-- Task item --
The lines running from the one that contains "5 bed House to rent Image 9" to the end of the records below are what to reproduce, exactly and without pictures.

(Data items)

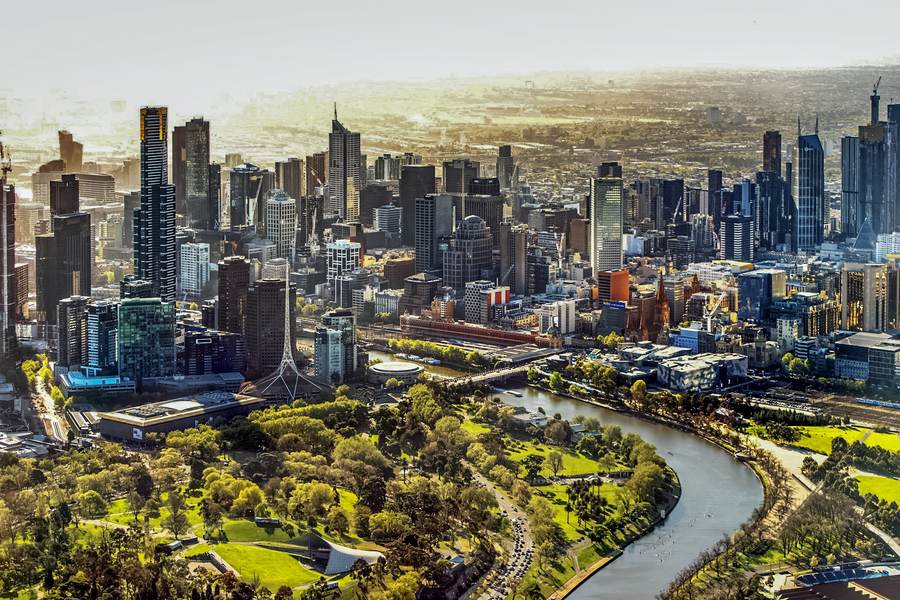 Melbourne skyline — the AFP counterterrorism flydubai probe is examining Hamam al-Hammami's student years in Victoria, Australia between 2015 and 2017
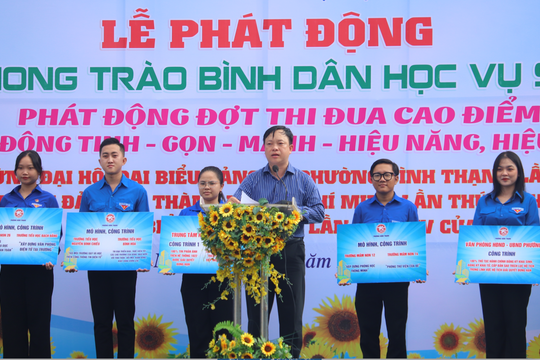 Bình dân học vụ số giúp người dân làm chủ tương lai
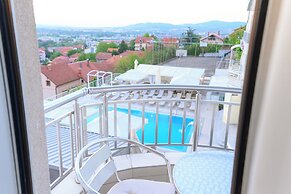 Tami Residence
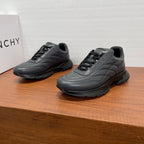 Givenchy/紀梵希新款男士皮革氣墊厚底運動鞋這款運動鞋採用進口柔軟納帕小牛皮鞋面，鞋舌及後跟飾以立體品牌logo標識，搭配橡膠大底，舒適輕便減震。柔軟牛皮內裡，標誌牛皮墊腳，四季專屬打造，上腳舒適透氣！ 碼數：39-40-41-42-43-44 標準皮鞋尺寸（38/45可訂做不退不換） 貨號：SL2306全皮深灰
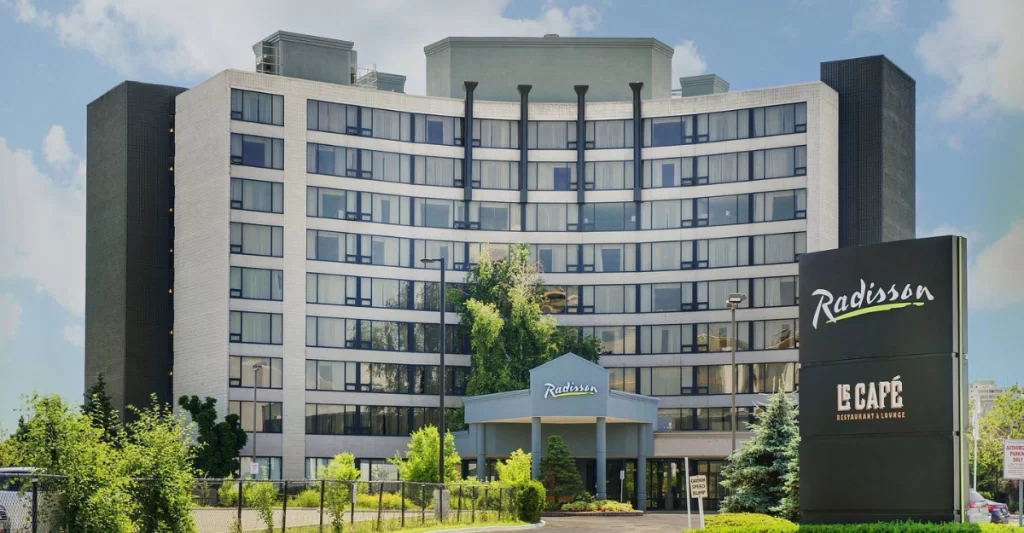 Hotels Near Toronto Airport with Shuttle Service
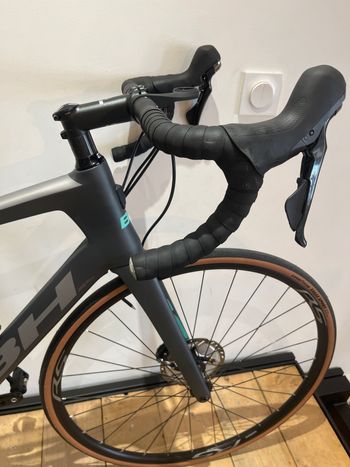 Used BH Quartz Shimano Ultegra 2020 Road & Gravel, Light Gray — image 4 of 9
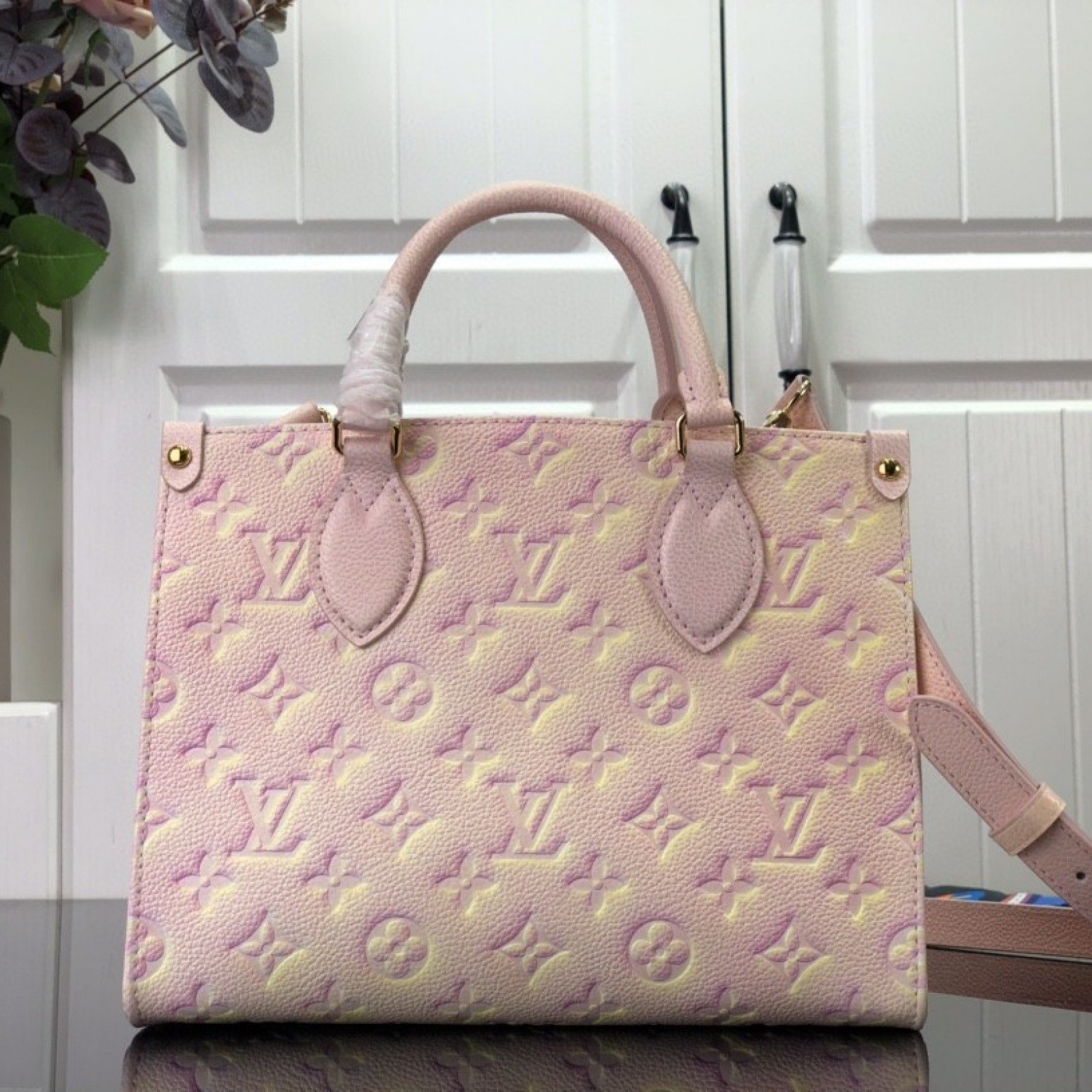 LV ONTHEGO PM M46168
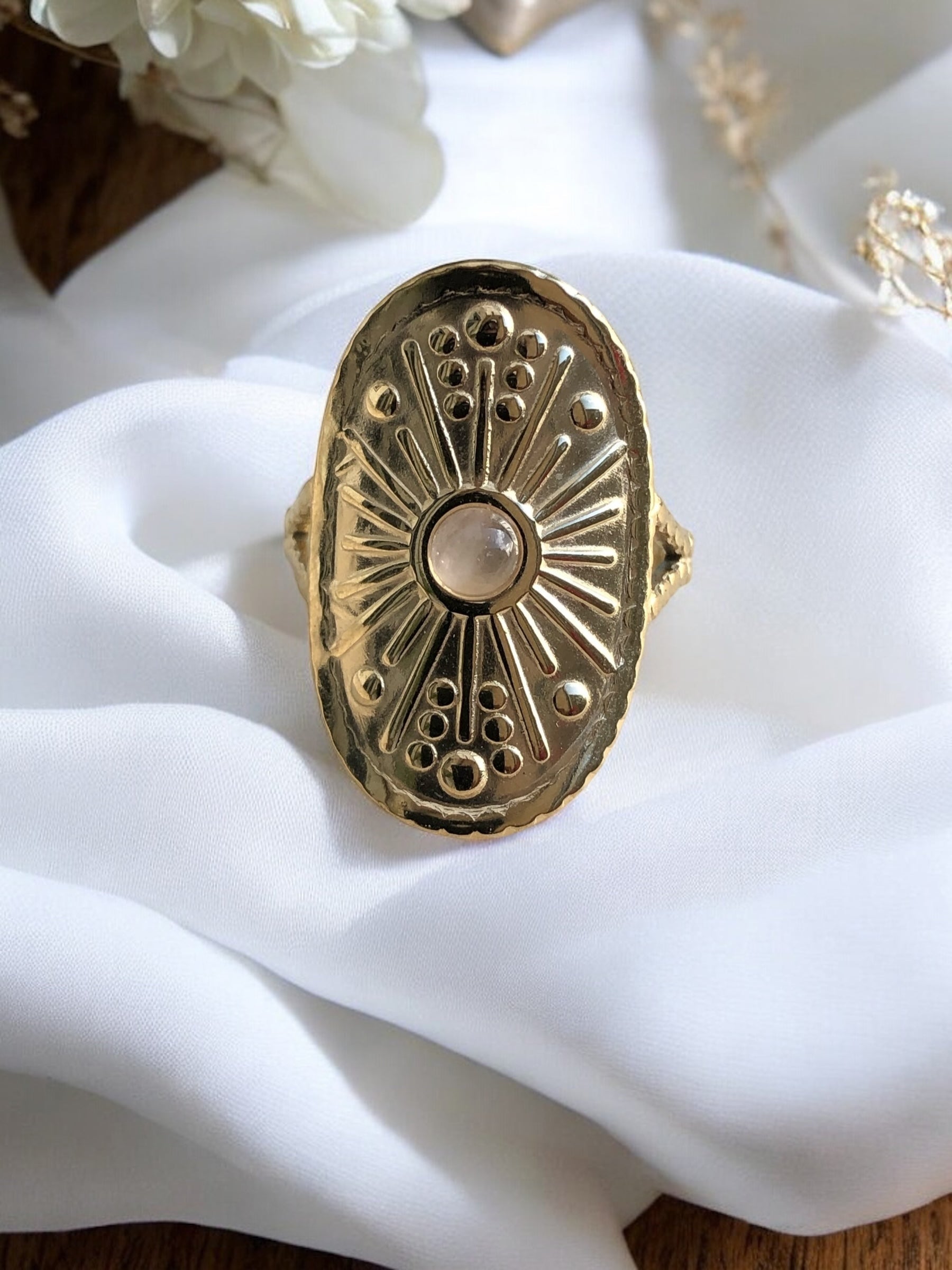 Bague large sculptée avec pierre nature rose Rklisa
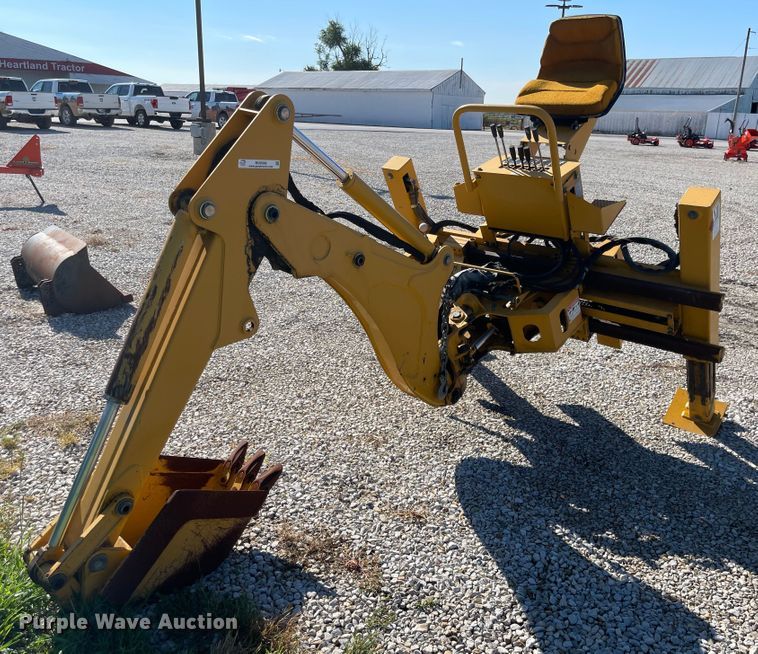 image for item MU9088 Bradco 112255  backhoe attachment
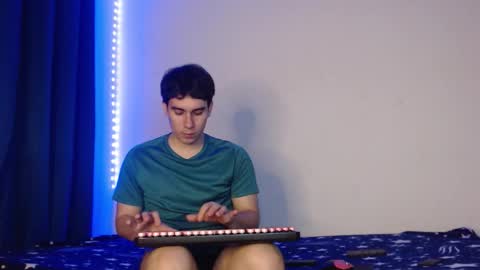 max_snow1616 online show from February 20, 4:29 pm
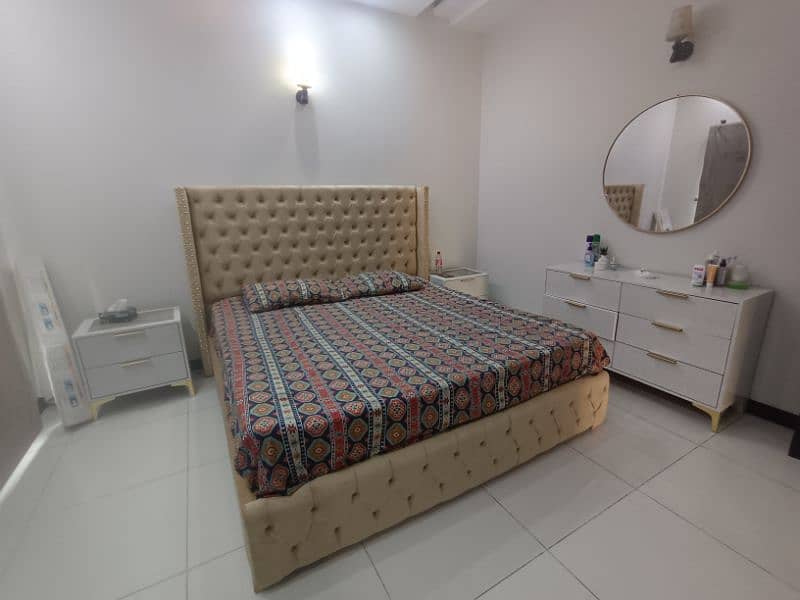 king size bed/poshish bed/dressing set in dico polish 2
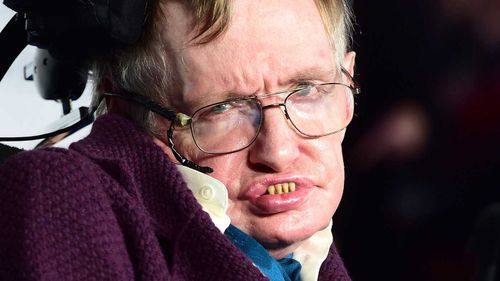 Donald Trump appeals to lowest common denominator: Stephen Hawking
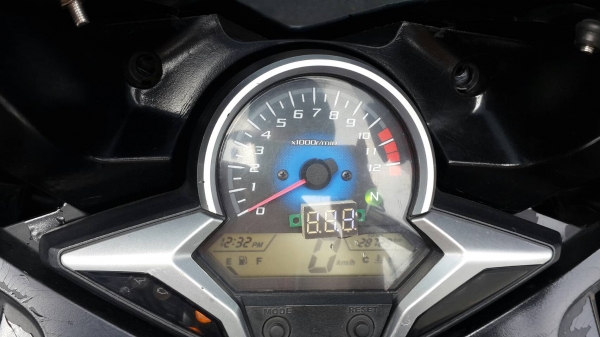 HONDA CBR250 ปี 2010 ABS แต่งเต็ม ราคาขายตัด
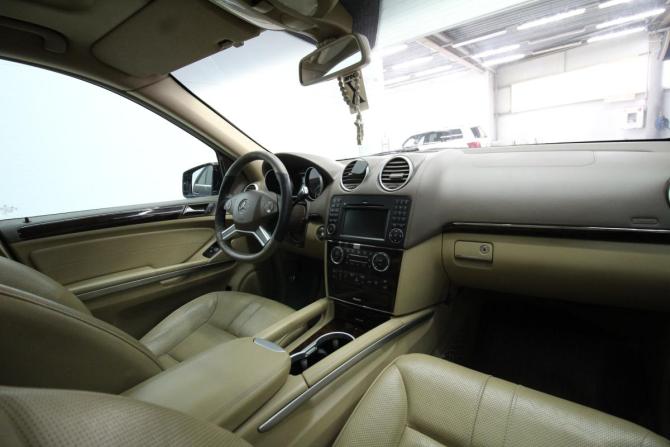 Mercedes-Benz M-Класс II (W164) Рестайлинг с пробегом 2010 года, цена 1 950 000 рублей, 234000 км, внедорожник, Автокод Объявления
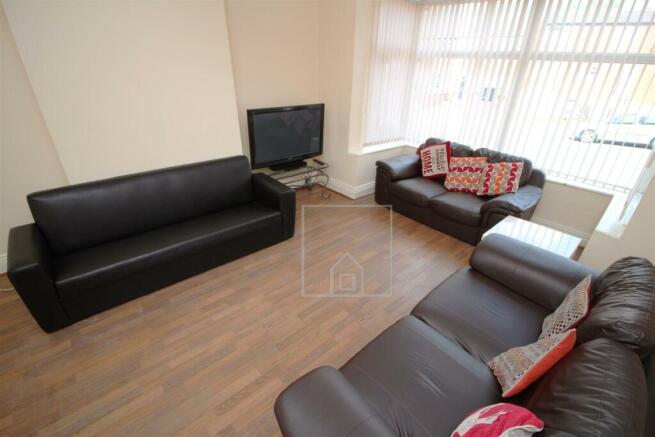 5 bed House to rent Image 9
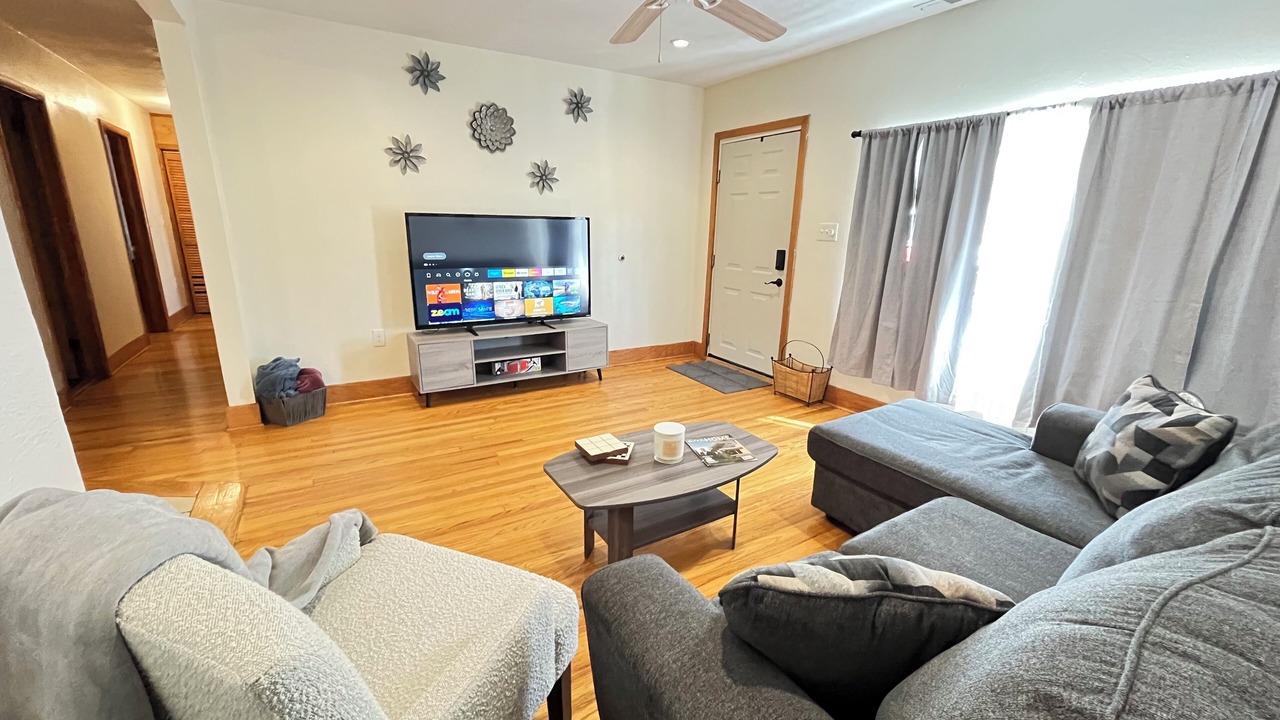 Photo of Livingroom in Cross Lanes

-- Finished exercise --
 5 bed House to rent Image 9
 Photo of Livingroom in Cross Lanes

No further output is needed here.